Some millions of years later, humans starting finding different uses for it, such as for fuel, and even as a raw material for a long list of derivative products.
The journey begins with one of the most complex parts: exploration. At Repsol, we are developing lots of different high-tech tools such as Sherlock, which helps us to locate new reservoirs containing oil and/or gas, and to determine how much there is and the conditions they are in. This process is key to enabling us to draw up a production plan in line with the specific features of each reservoir.
Once the reservoir has been located and deemed viable, the second stage begins: extraction or production. To extract the gas or oil found in the reservoir, drilling techniques are used following the highest safety standards. In this phase, we focus our efforts on obtaining the maximum return from the reservoirs while being efficient and responsible, minimizing the environmental impact, and guaranteeing maximum safety throughout the processes. One such example of this is the HEADS system.
When dealing with gas, this can be transported via underground gas pipelines, keeping it in its gaseous state, or aboard methane carriers, in which case it is transported in the form of liquefied natural gas (LNG). This second option requires a liquefaction process at the point of origin, which is done by lowering the temperature of the gas to 160 degrees below zero, thus reducing its volume 600-fold. The gas transported via the gas pipelines goes directly through to the transport network, after first passing through the compressor station, which increases its pressure to maximize the transport capacity of the pipes.
LNG, on the other hand, needs to be returned to its gaseous state. This is done at the regasification plants, which unload the liquefied natural gas from the carriers and return it to its natural state via the vaporization system that increases its temperature. The gas then enters the high pressure transport network, which is connected to the distribution networks that have a pressure lower than 16 bars; this is what brings the natural gas to our homes and businesses. The regulation and metering stations play a fundamental role in this process, as they not only reduce the pressure, but they also measure the gas delivered.
In the case of oil, once extracted from the reservoir, the crude is transported via pipelines or oil tankers to the refineries.
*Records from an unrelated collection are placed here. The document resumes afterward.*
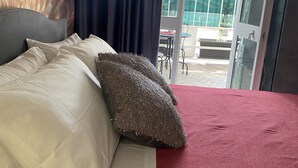 Un lit avec des oreillers blancs et gris, une couvre-lit rouge et un coussin à texture.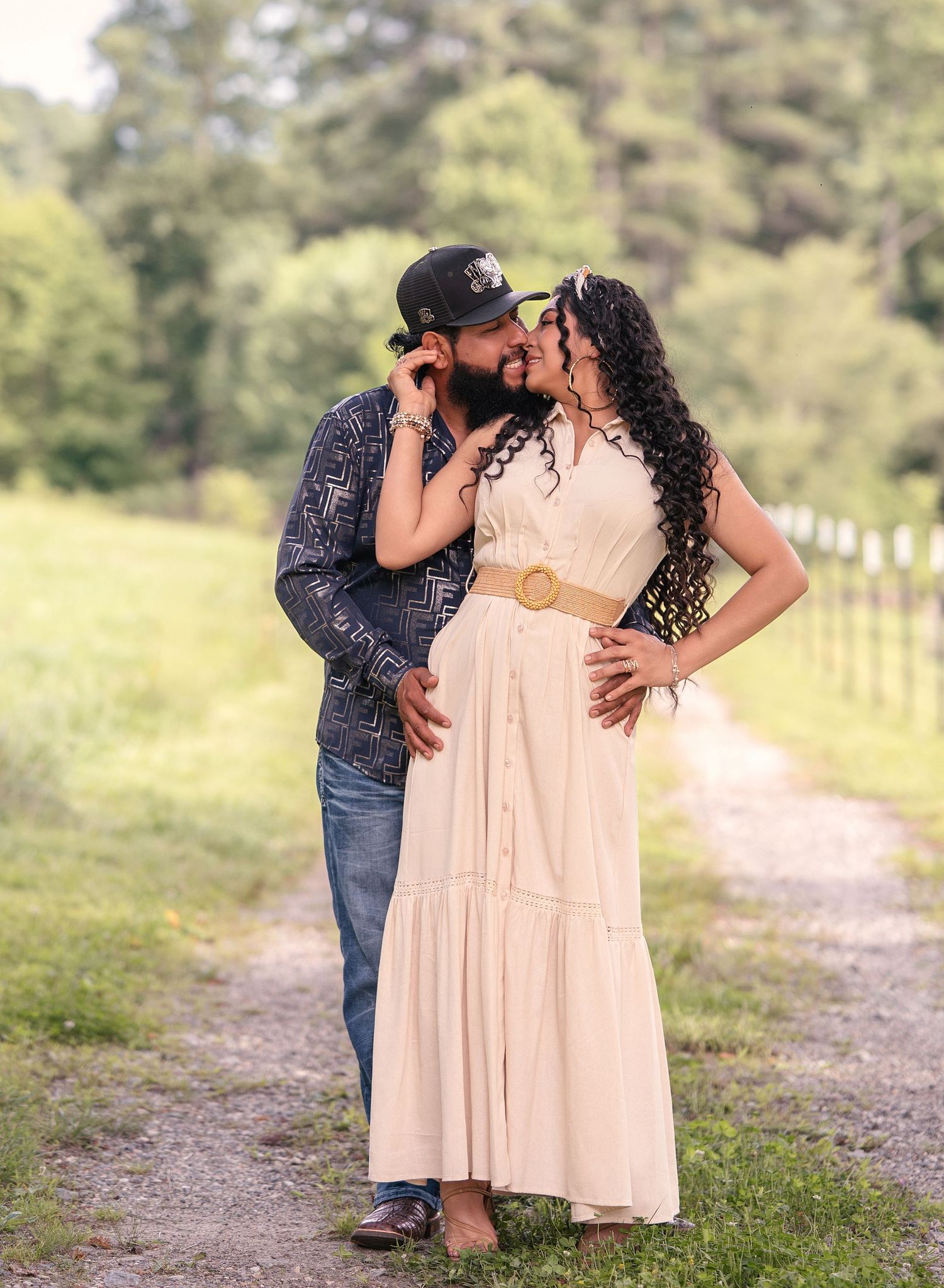 Couple sharing a kiss on a scenic outdoor path during maternity shoot.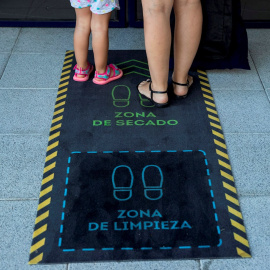 Una madre y su hija se limpian los zapatos durante la reapertura de una escuela infantil en Madrid. EFE/ Rodrigo Jiménez/Archivo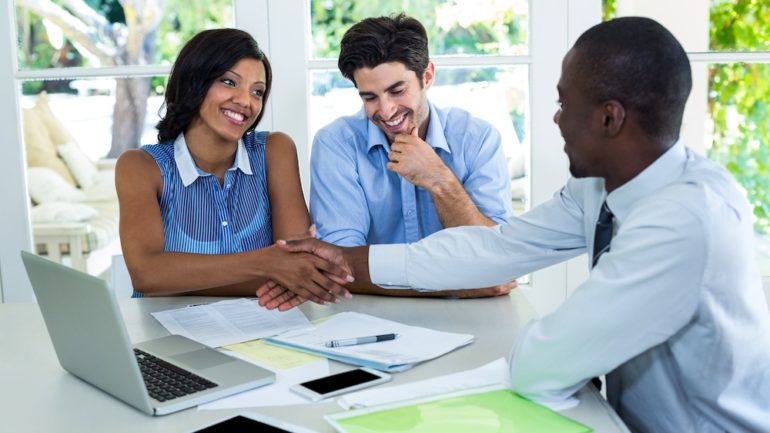 Happy couple that recognize the value of a real estate agent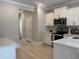 Modern kitchen with white cabinets, stainless appliances, and a tiled backsplash at 3137 Tiger Tail Rd., Conway, SC 29526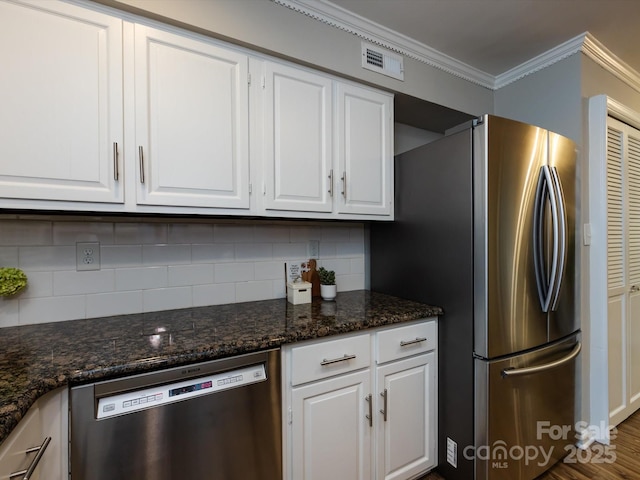 1708 Roxborough Rd Unit C, Charlotte, NC 28211 - kitchen with appliances with stainless steel finishes, white cabinets, crown molding, backsplash, and dark stone countertops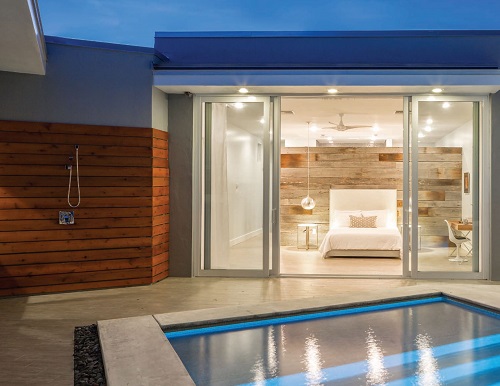 Open sliding glass patio doors leading out to a pool area.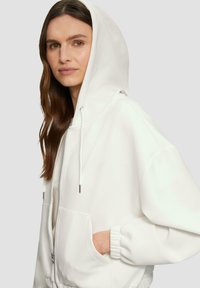 Bijela zip-up dukserica s velikom kapuljačom, prednjim dzepovima i elastičnim manžetama. Mekan materijal s glatkom teksturom i minimalističkim dizajnom.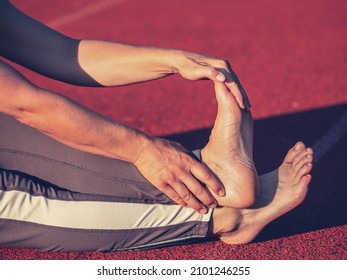 Barefoot mature woman stretching tendons and ankles on red running track in evening sun. Middle aged body in long leggings - Shutterstock ID 2101246255
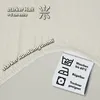 A close-up of a beige fabric product, likely a fitted sheet, with text and care symbols. Produktbild-Vorschau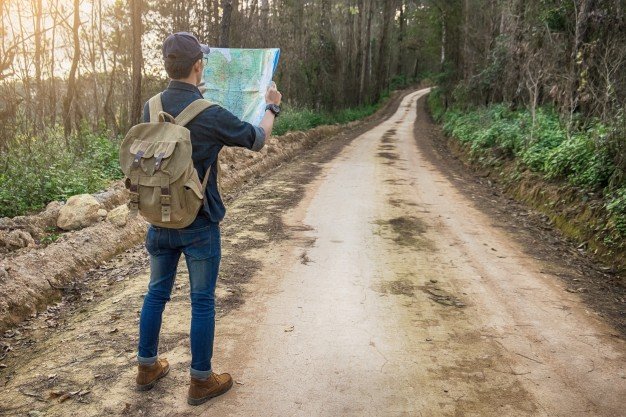 Traveller carrying a backpack with map in hand Mockup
Once at the refinery, the different oil fractions are separated using a distillation process to transform it into higher quality products with added value. During this phase, countless physical and chemical processes take place that give rise to products we can find in our daily lives, such as propane, butane and diesel.
This long journey makes it possible for us to have gas to cook and heat our homes; it’s what makes vehicles move around and enables industrial processes like steelworks, plastic production, ceramic firing and fertilizer production, to name just a few.